In our February edition of the Sovereign Wealth Fund Bulletin, we covered political risk issues as SWFs diversify by asset allocation and geographic reach. It is thereby quite relevant that in this March issue of the Bulletin, we turn our attention to issues facing new SWFs. There has been a rapid growth of SWFs in recent years, with a large proportion of funds in emerging and frontier markets. In the last ten years more SWFs have been launched than in the previous fifty years (beginning with Kuwait, the first, in 1956). It is therefore not surprising that many of these new sovereign investors are at an early stage in their learning curve in applying best practices to asset allocation and risk management, as well as to the governance, transparency and accountability issues they will face in managing the mandates and operations of these funds.
SWFs certainly are not a homogeneous group, with mandates ranging from stabilization and reserve management to saving for long-term pension and development needs. But as a whole, their prominence on the global financial stage in likely to continue to increase both in size and in their appetite and ability to play an important role in providing long-term financing both in the emerging and advanced economy markets. It is thereby highly important to give new SWFs access to quality advice and best practices that will help them maintain their course in meeting domestic mandates, while being a force for global stability in the face of the challenges that markets are likely to continue to face in the years to come.
We welcome you then to our March Bulletin, which leads off with an interview that Sovereign Wealth Fund Initiative co-heads Pat Schena and I conducted with Dr. Edwin Truman, Senior Fellow, Peterson Institute for International Economics on March 12. Dr. Truman is a highly respected economist and a leading authority on SWF structure, governance, transparency, and accountability. During our interview, we discussed a variety of issues, including the proliferation of new sovereign wealth funds, current trends in investment decisions, and the future role of the IMF’s International Forum of Sovereign Wealth Funds. Two issues in particular were of special note: 1) the transformation process as SWFs adapt to new and changing circumstances and 2) the process of adopting best practices in global governance. Here we note with interest that few new funds have come close to meeting the standards of the Santiago Principals as no new member funds have adopted the Principals since their inception 3 ½ years ago.

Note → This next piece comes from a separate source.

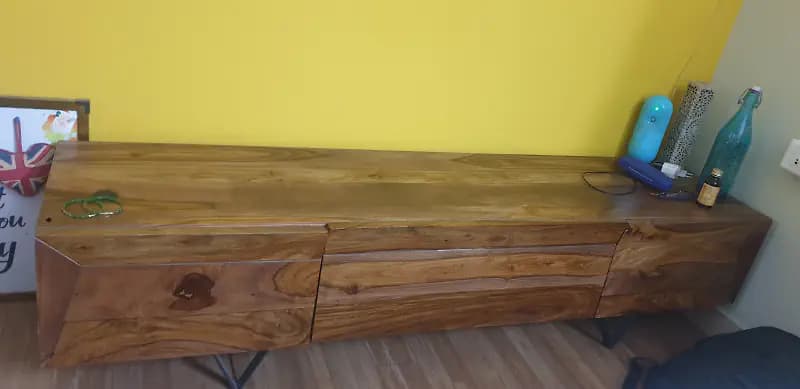 almost new tv unit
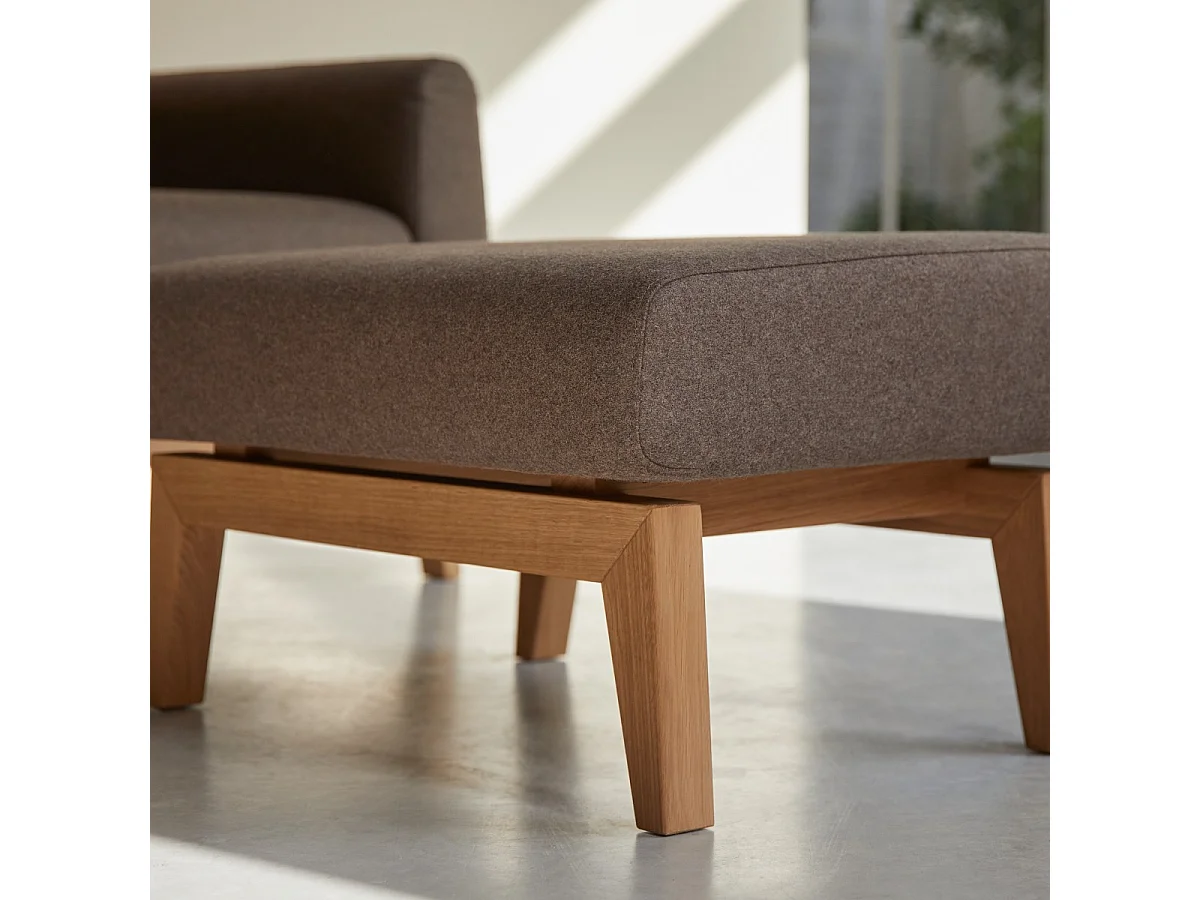 Fußhocker Bjorn aus braunem Stoff, 1 Sitzplatz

Our first article in this Bulletin is by John St. Claret Ezeani, who practices Public International Law and International Economic Law and holds the LL.M. (International Law) Degree from the Fletcher School of Law and Diplomacy. In “An Overview of the Nigerian Sovereign Investment Authority,” he describes the evolution of the legal framework for this new SWF. He notes that the Fund was set up to bridge the gap between two competing viewpoints related to the utilization of surplus revenue accruing to Nigeria from perennial price surges in the international crude oil market. While some have argued that it is wiser to save such extra-budgetary revenues for future use as a budget stabilization mechanism in the event oil prices fall below budgetary projections, others contend that such a policy foolhardy and to the detriment of national development. He concludes that the Act intends for the Funds to address the concerns of both camps, but leaves unanswered many questions related to the ultimate operations of the Funds.

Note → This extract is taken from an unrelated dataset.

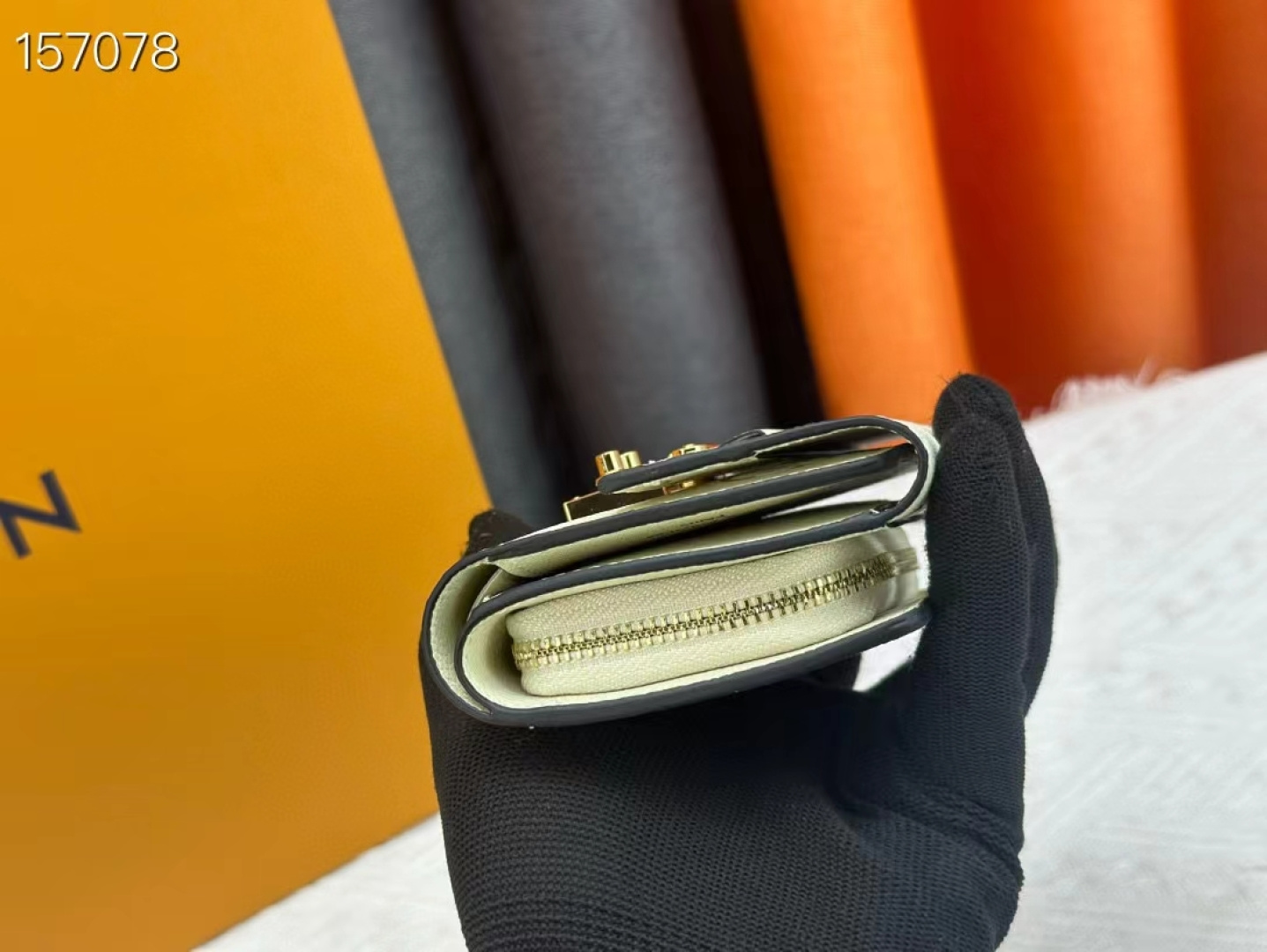 Louis Vuitton Metis 短款財布 M80880 ブラック (エンボス加工)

A contribution by Shuvam Dutta, CEME Research Assistant, entitled “Drivers of Strategic Asset Allocation Decisions for Sovereign Wealth Funds” reviews the allocation decisions of SWFs and discusses the theoretical underpinnings that have guided the investment philosophy of sovereign wealth. In this context, he compares how fund mandates have informed actual asset allocation decisions. He closes with commentary on some of the special circumstances posed by funds established in the last ten years.
We also include in this Bulletin an analysis by Dr. Schena that looks retrospectively at a SWF that is well established, but in the process of responding to changing circumstances and operating requirements: the China Investment Corporation. He examines the formation, including the original capitalization, of the CIC and resulting governance and control issues to better understand the operating challenges that confront the CIC and the efficacy of its responses. The note provides a brief review of the CIC’s institutional foundation and capital structure, then analyses selected control and governance issues in light of teh CIC’s relationship with China’s State Administration for Foreign Exchange. It concludes by posing several key challenges which impact the optimization of the management of China’s foreign reserves.

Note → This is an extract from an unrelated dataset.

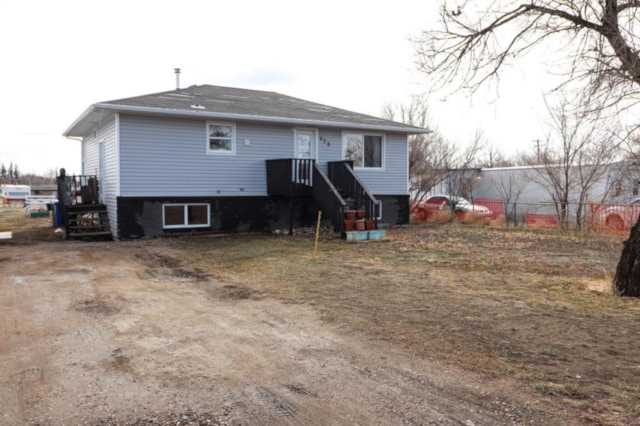 428 2 St Suffield, AB T0J 2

As I close, I would like to call your attention to an addition to this month’s Bulletin, though not related to new SWF’s, that instead contributes to themes raised in our two prior Bulletins. Affiliate authors Asim Ali and Shatha Al-Aswad, follow their February article with “SWFs and Egypt: A Fresh Look at Infrastructure Funding and Investments”. The paper argues in favour of Gulf area SWF investment in the economies of Arab Spring countries, particularly Egypt, to establish a foundation for sustainable development and socio-political stability. To this end, the authors posit that the GCC and Egypt can mutually benefit by collaborating together. In the case of Egypt, they encourage the political leadership to look to the local economy for solutions and, with the help of GCC investment support, to enhance core competencies in the areas of infrastructure development, tourism, and Islamic finance.
We hope these selections will stimulate your creative thinking on the critical issues that shape sovereign wealth investment. As always, we welcome your thoughts and feedback.